**WORK ORDER**: Transcribe the data as written, minus images.

**DATA EXCERPT**:

=== Section Start ===

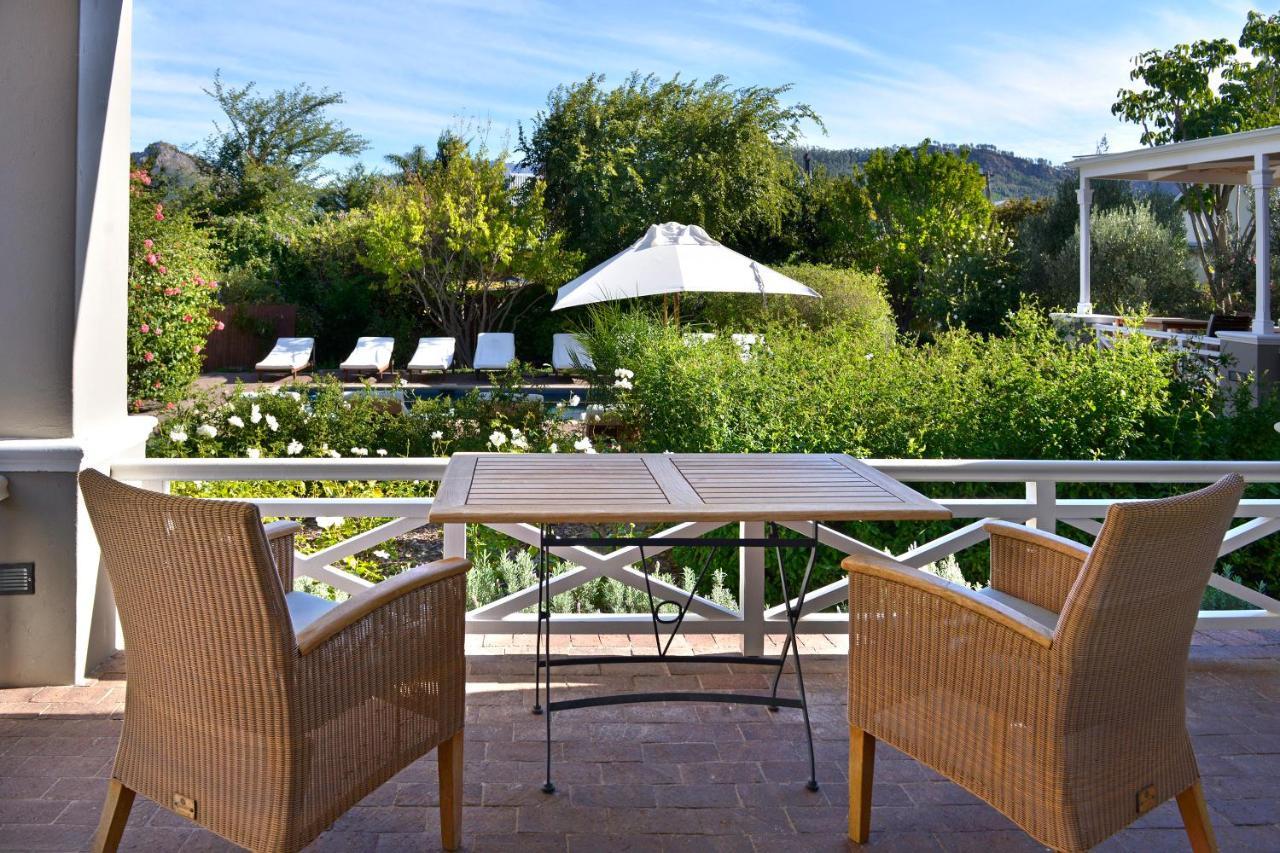 Plumwood Boutique Hotel By The Living Journey Collection Franschhoek Exterior foto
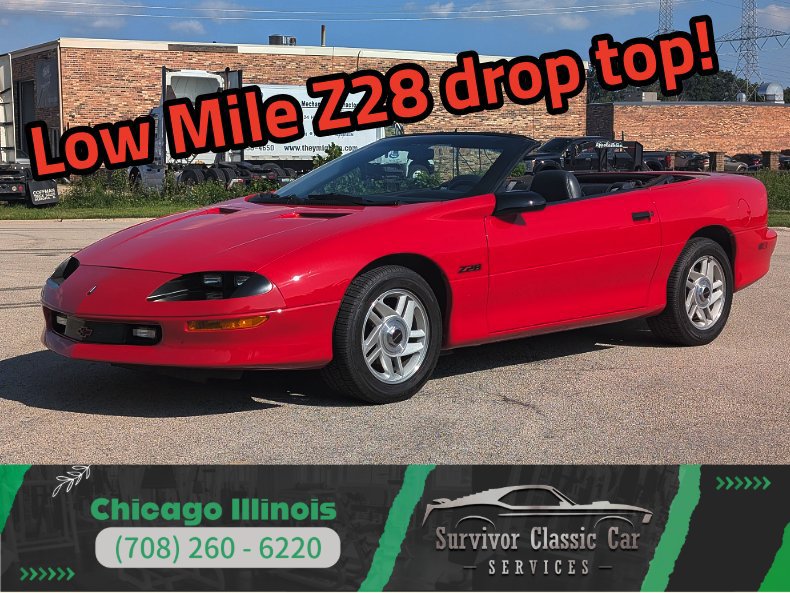 Used 1994 Chevrolet Camaro Z28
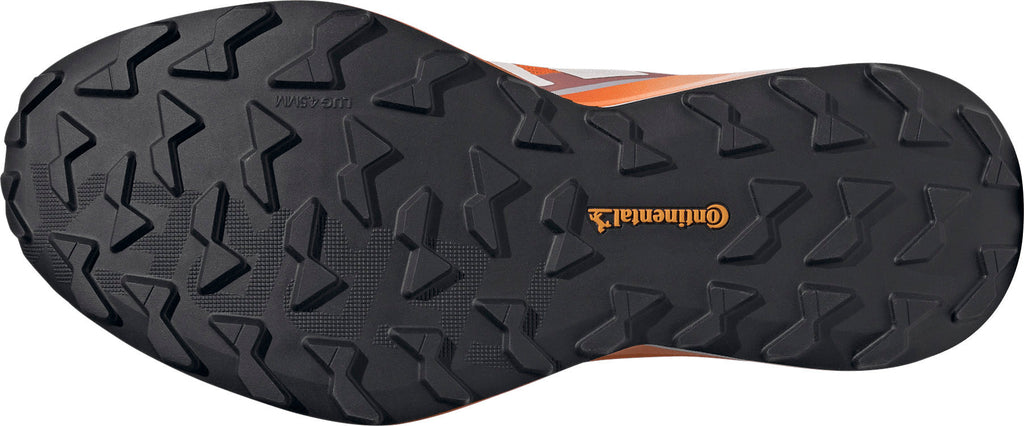 adidas Terrex Agravic GORE-TEX Men's Trail Running Shoes - Orange | Trail Running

=== Section End ===

**REPLY TO THE EXERCISE**:
 Plumwood Boutique Hotel By The Living Journey Collection Franschhoek Exterior foto
 Used 1994 Chevrolet Camaro Z28
 adidas Terrex Agravic GORE-TEX Men's Trail Running Shoes - Orange | Trail Running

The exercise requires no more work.